*Work task*.
Since the pictures are not wanted, retype the listing below exactly and without them.

*Information shown*.
§ §

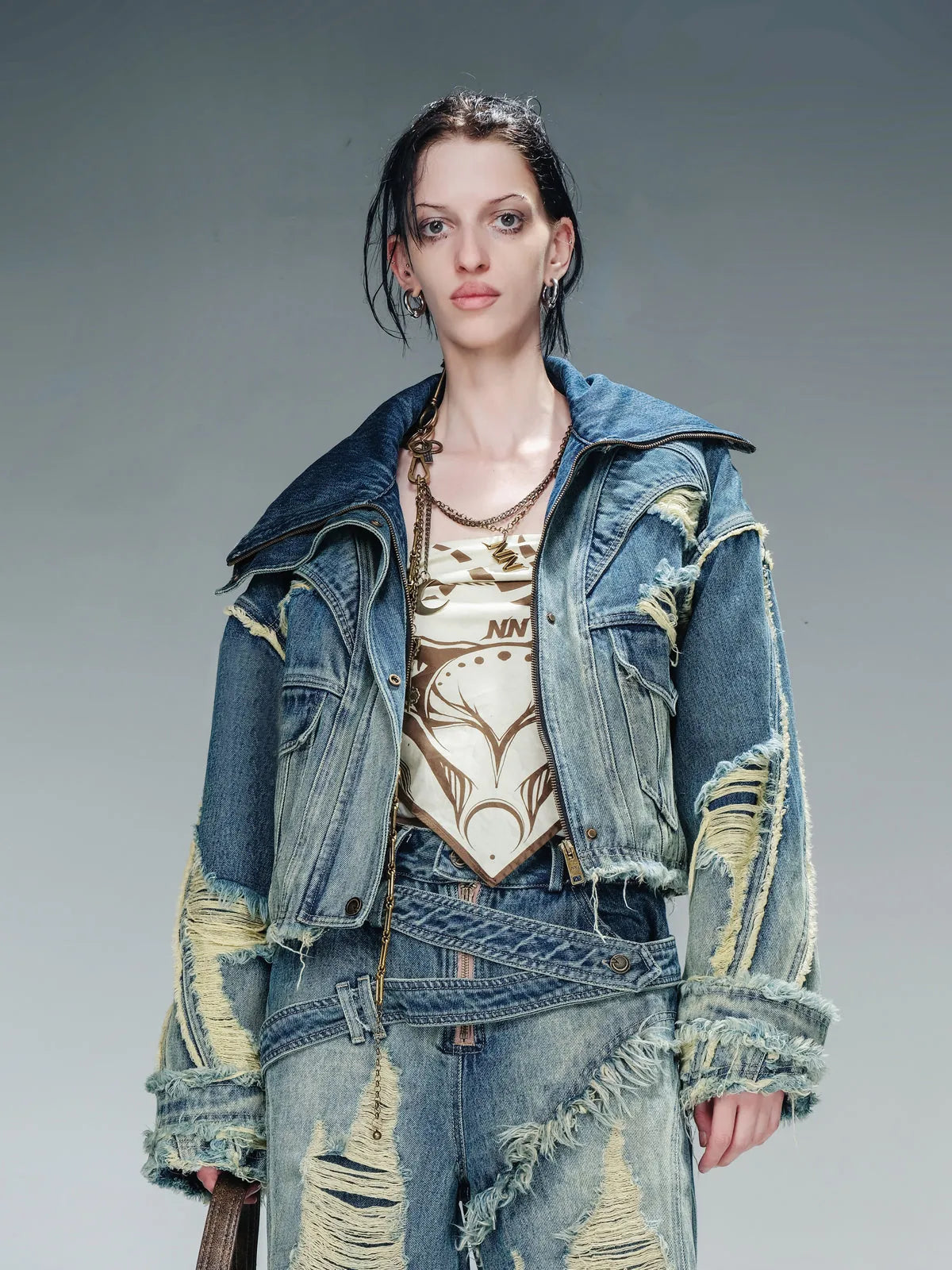 Thickened Faux Lambswool Denim Jacket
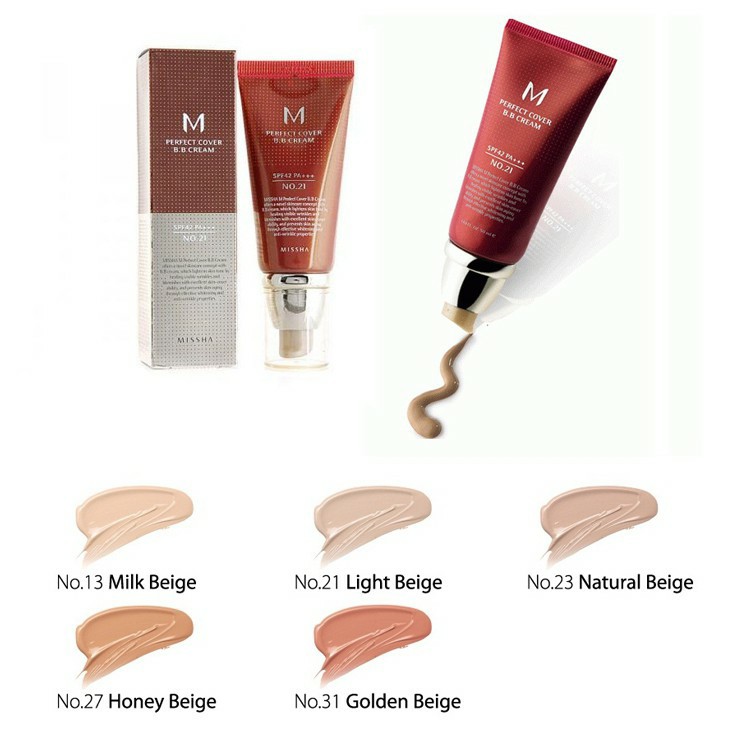 [Mã COSDEP -8% ĐH250k]Gói Sample kem nền BB Cream Perfect Cover Missha No23 2ml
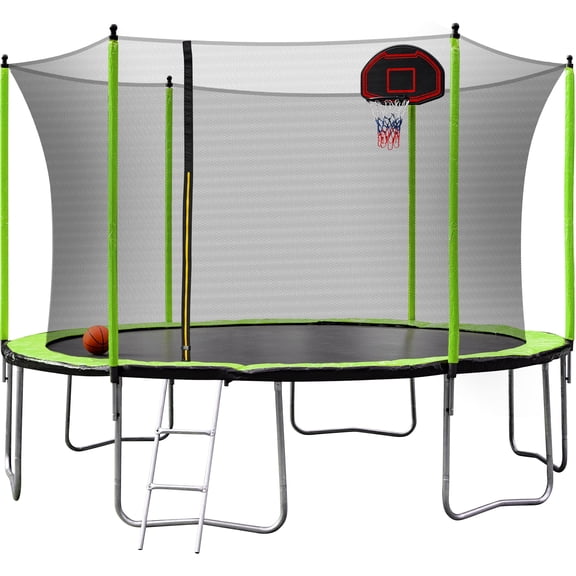 Tcbosik 14FT Trampoline with Basketball Hoop Inflator & Ladder(Inner Safety Enclosure), Green
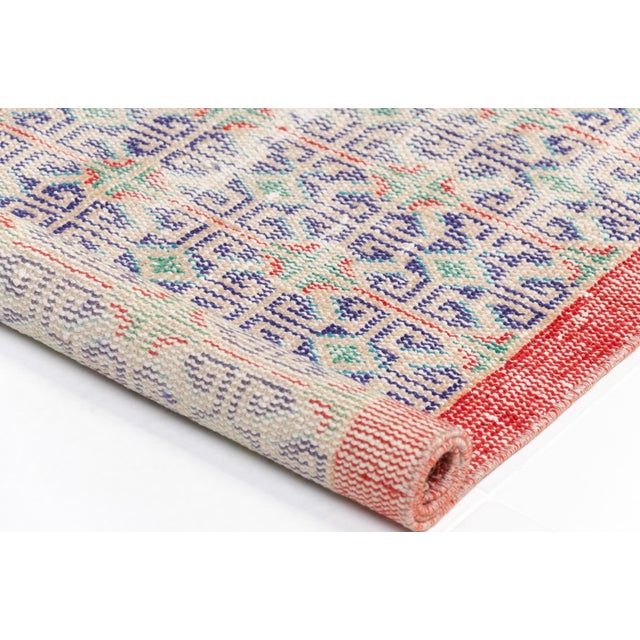 Turkish 1950s Geometric Tribal Rug, Rustic Farmhouse Hallway Decor For Sale - Image 3 of 10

§ §

*Answer below*.
 Thickened Faux Lambswool Denim Jacket
 [Mã COSDEP -8% ĐH250k]Gói Sample kem nền BB Cream Perfect Cover Missha No23 2ml
 Tcbosik 14FT Trampoline with Basketball Hoop Inflator & Ladder(Inner Safety Enclosure), Green
 Turkish 1950s Geometric Tribal Rug, Rustic Farmhouse Hallway Decor For Sale - Image 3 of 10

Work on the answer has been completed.